## INPUT:

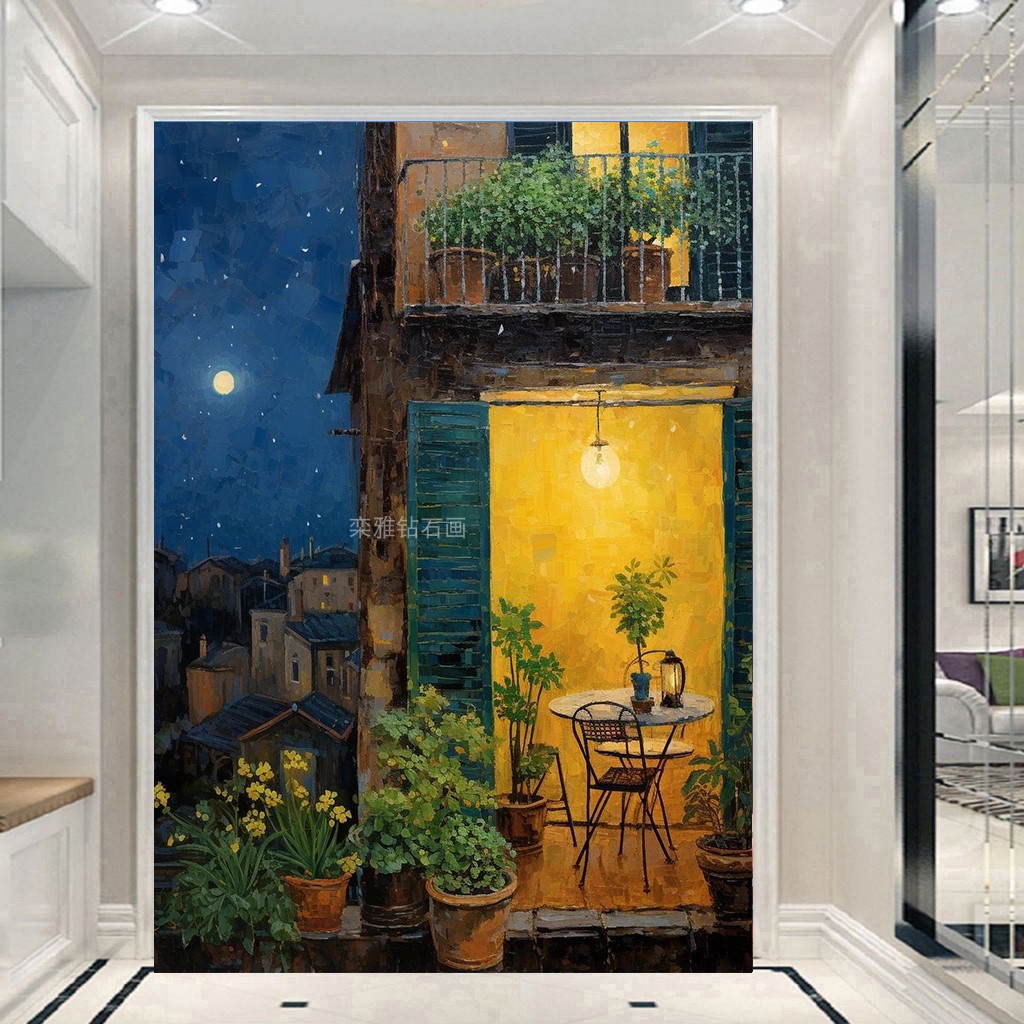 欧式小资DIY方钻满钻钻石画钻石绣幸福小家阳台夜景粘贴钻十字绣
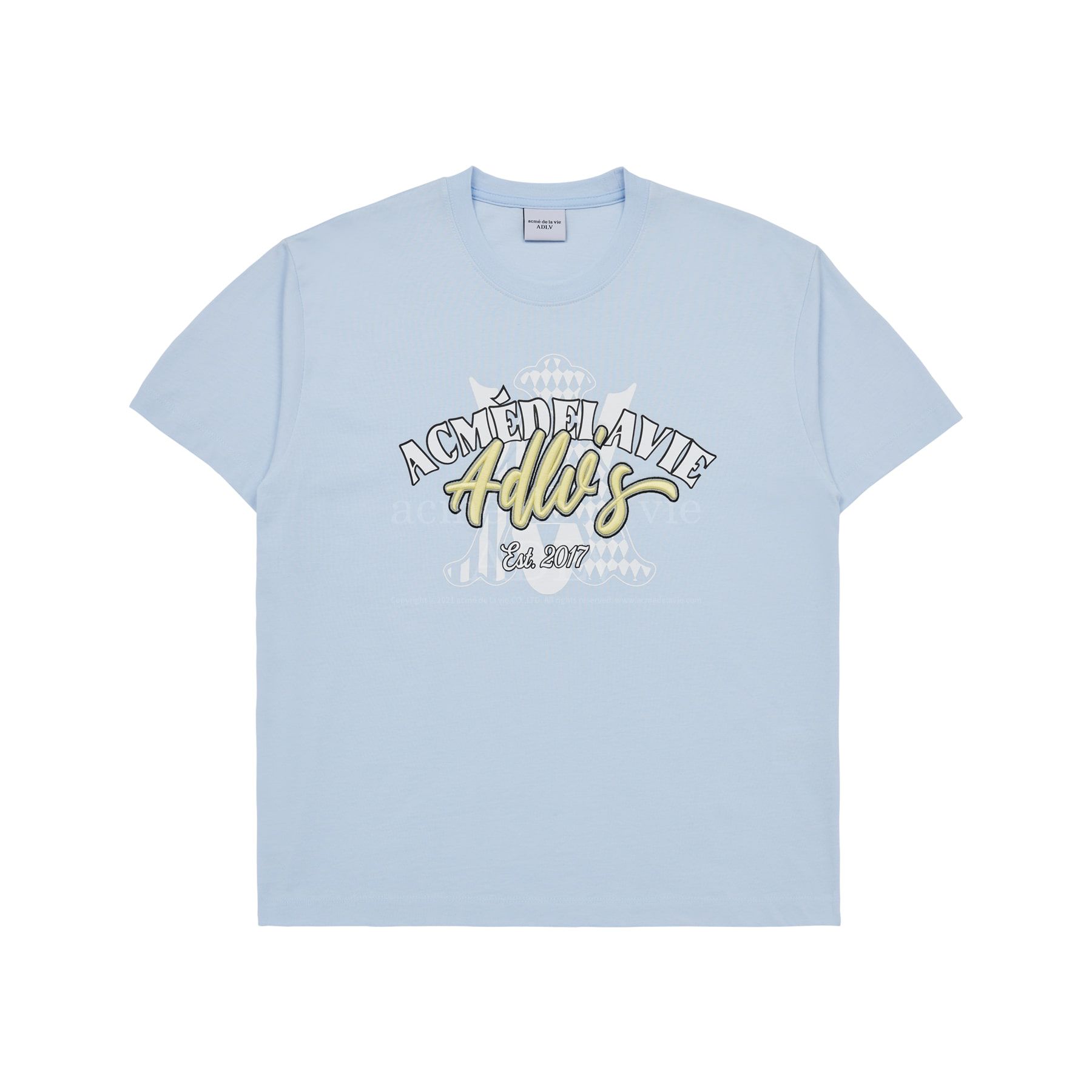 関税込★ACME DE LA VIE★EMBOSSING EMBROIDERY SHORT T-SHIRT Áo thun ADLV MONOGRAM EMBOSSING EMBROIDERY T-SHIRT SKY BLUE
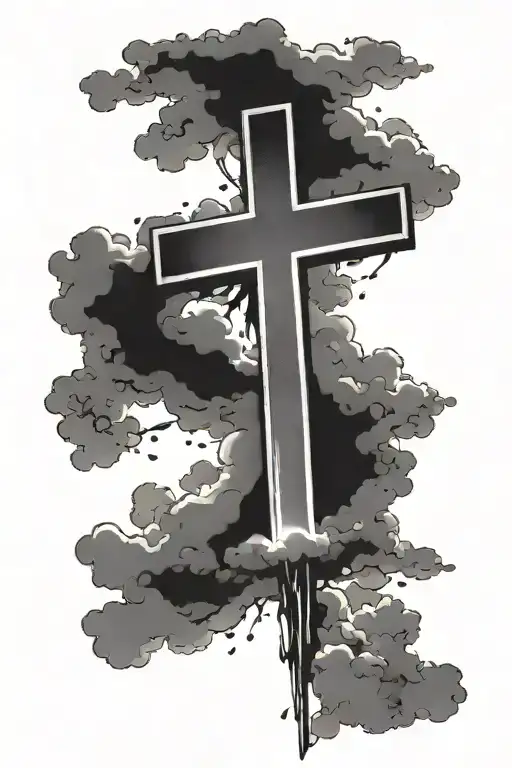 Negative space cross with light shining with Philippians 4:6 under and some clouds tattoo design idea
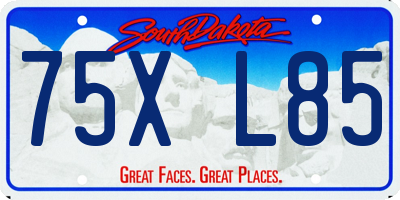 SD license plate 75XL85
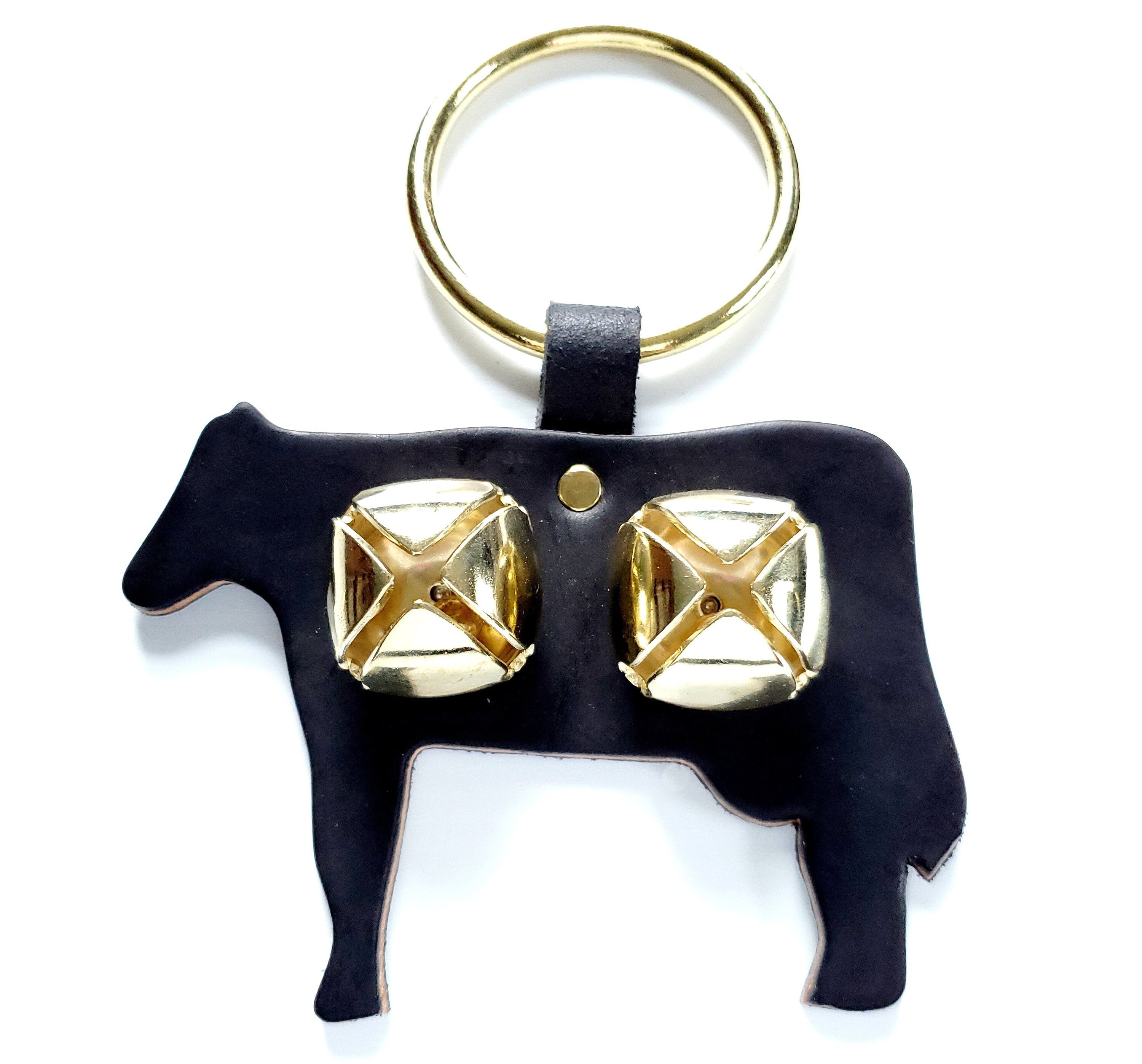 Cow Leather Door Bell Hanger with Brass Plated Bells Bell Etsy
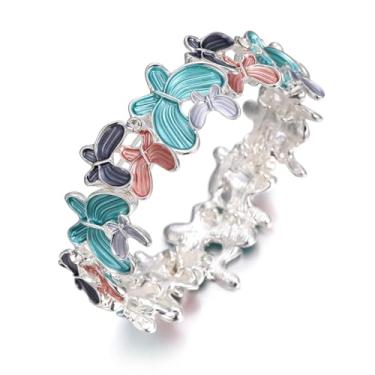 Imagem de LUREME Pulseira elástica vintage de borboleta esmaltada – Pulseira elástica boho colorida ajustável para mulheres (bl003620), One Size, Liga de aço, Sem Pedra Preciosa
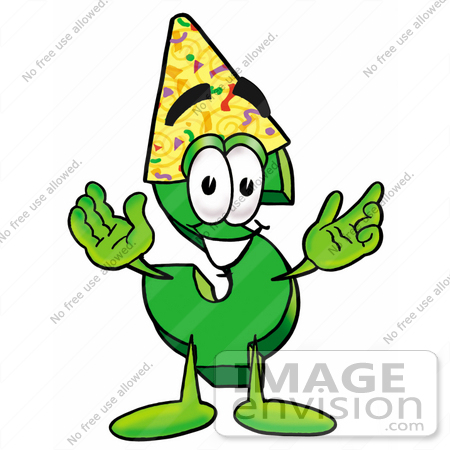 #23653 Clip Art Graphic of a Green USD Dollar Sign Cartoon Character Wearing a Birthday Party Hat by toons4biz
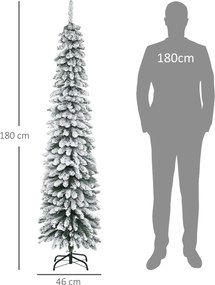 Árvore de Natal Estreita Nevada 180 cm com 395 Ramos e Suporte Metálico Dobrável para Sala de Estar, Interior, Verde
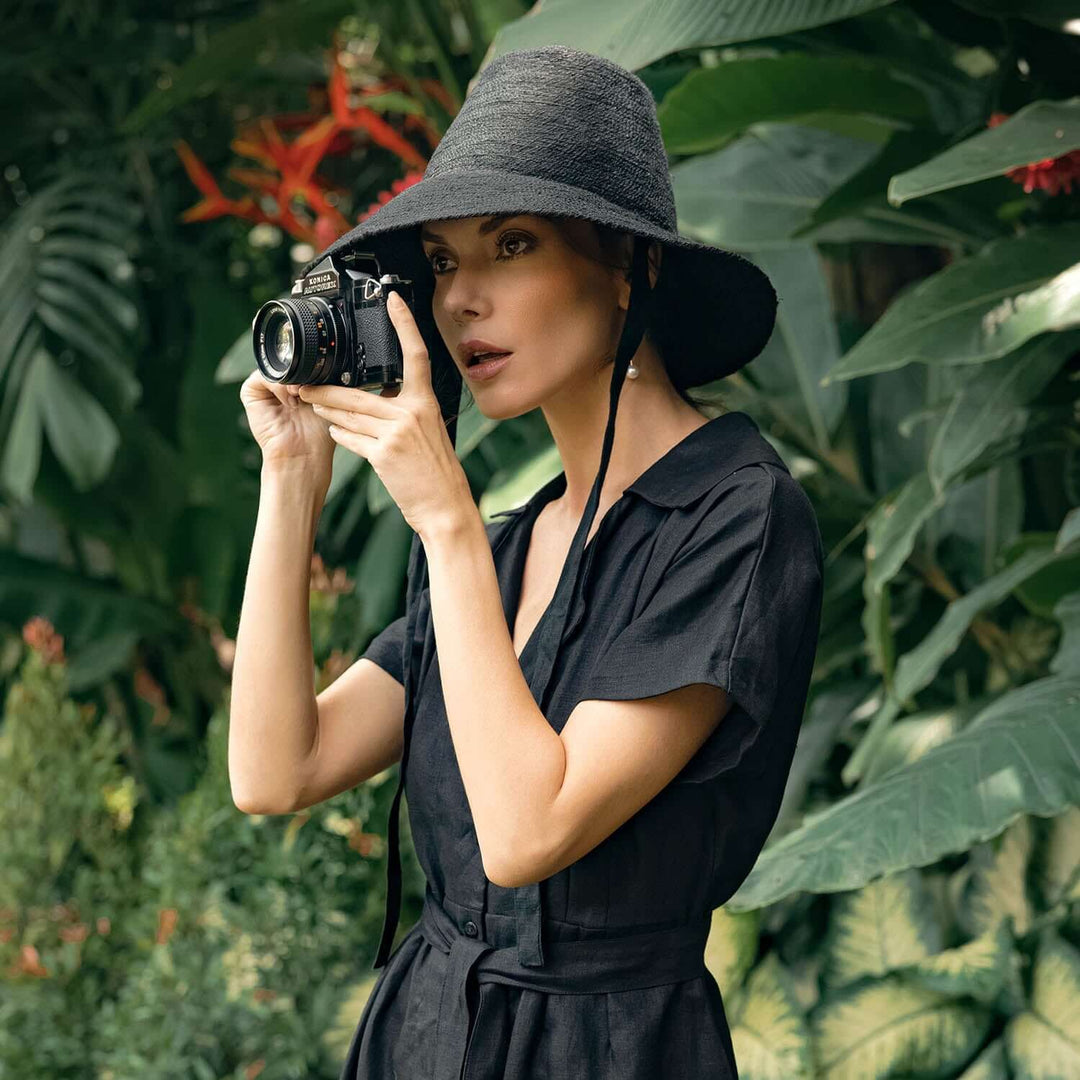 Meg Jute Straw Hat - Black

## EXERCISE INSTRUCTIONS:
Please transcribe, word for word, every line from the one containing "Imagem de LUREME" through the last line of the records, both included, and leave the pictures out.

## OUTPUT FOR THIS EXERCISE:
 Imagem de LUREME Pulseira elástica vintage de borboleta esmaltada – Pulseira elástica boho colorida ajustável para mulheres (bl003620), One Size, Liga de aço, Sem Pedra Preciosa
 #23653 Clip Art Graphic of a Green USD Dollar Sign Cartoon Character Wearing a Birthday Party Hat by toons4biz
 Árvore de Natal Estreita Nevada 180 cm com 395 Ramos e Suporte Metálico Dobrável para Sala de Estar, Interior, Verde
 Meg Jute Straw Hat - Black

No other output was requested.